--- SUPPLIED DATA ---

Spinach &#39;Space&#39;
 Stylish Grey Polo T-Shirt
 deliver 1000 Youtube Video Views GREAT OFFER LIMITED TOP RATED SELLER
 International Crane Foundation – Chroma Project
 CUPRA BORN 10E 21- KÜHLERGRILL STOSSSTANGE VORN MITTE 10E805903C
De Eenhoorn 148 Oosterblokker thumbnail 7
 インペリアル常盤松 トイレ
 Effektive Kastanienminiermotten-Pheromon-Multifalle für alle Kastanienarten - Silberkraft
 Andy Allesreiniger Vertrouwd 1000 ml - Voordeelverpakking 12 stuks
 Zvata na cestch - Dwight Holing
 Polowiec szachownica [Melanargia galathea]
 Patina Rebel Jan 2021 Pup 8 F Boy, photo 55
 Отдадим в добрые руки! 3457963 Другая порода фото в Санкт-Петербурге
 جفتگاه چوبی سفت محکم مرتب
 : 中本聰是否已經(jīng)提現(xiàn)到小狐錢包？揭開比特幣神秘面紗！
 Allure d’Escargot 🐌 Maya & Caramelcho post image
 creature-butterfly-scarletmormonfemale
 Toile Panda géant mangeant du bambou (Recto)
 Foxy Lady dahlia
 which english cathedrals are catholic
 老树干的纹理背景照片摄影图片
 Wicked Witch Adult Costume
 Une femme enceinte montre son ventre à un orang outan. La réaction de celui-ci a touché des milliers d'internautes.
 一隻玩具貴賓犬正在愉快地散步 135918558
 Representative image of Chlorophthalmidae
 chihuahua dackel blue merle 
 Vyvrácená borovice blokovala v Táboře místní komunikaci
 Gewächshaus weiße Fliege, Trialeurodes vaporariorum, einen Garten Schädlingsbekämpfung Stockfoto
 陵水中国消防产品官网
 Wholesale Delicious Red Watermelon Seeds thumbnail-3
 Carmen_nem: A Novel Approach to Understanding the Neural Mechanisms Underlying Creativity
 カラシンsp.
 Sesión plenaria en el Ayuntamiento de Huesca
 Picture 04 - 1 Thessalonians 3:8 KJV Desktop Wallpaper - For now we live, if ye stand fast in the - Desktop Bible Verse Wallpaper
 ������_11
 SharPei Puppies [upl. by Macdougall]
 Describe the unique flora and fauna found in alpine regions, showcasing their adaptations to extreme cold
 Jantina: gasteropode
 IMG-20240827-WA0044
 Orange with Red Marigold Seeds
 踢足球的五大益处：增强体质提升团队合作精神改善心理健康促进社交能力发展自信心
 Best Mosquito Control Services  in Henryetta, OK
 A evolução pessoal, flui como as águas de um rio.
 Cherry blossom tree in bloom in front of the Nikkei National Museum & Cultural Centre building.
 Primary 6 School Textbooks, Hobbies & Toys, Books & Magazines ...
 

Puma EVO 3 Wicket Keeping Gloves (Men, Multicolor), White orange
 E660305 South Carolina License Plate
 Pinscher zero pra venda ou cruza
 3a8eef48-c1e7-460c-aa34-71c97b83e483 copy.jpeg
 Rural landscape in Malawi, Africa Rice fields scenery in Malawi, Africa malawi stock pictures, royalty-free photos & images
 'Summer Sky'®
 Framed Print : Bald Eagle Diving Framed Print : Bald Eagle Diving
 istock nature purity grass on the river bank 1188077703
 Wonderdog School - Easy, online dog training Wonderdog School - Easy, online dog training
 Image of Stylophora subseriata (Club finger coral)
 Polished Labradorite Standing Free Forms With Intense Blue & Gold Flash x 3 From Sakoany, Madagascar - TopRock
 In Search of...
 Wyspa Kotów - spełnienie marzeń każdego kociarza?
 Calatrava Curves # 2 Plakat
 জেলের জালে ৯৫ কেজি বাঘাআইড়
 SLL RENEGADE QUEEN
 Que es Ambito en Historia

---

> **TASK DESCRIPTION**
Across the data above, count every line with "School" in it and write only the total.

> **YOUR SOLUTION**
2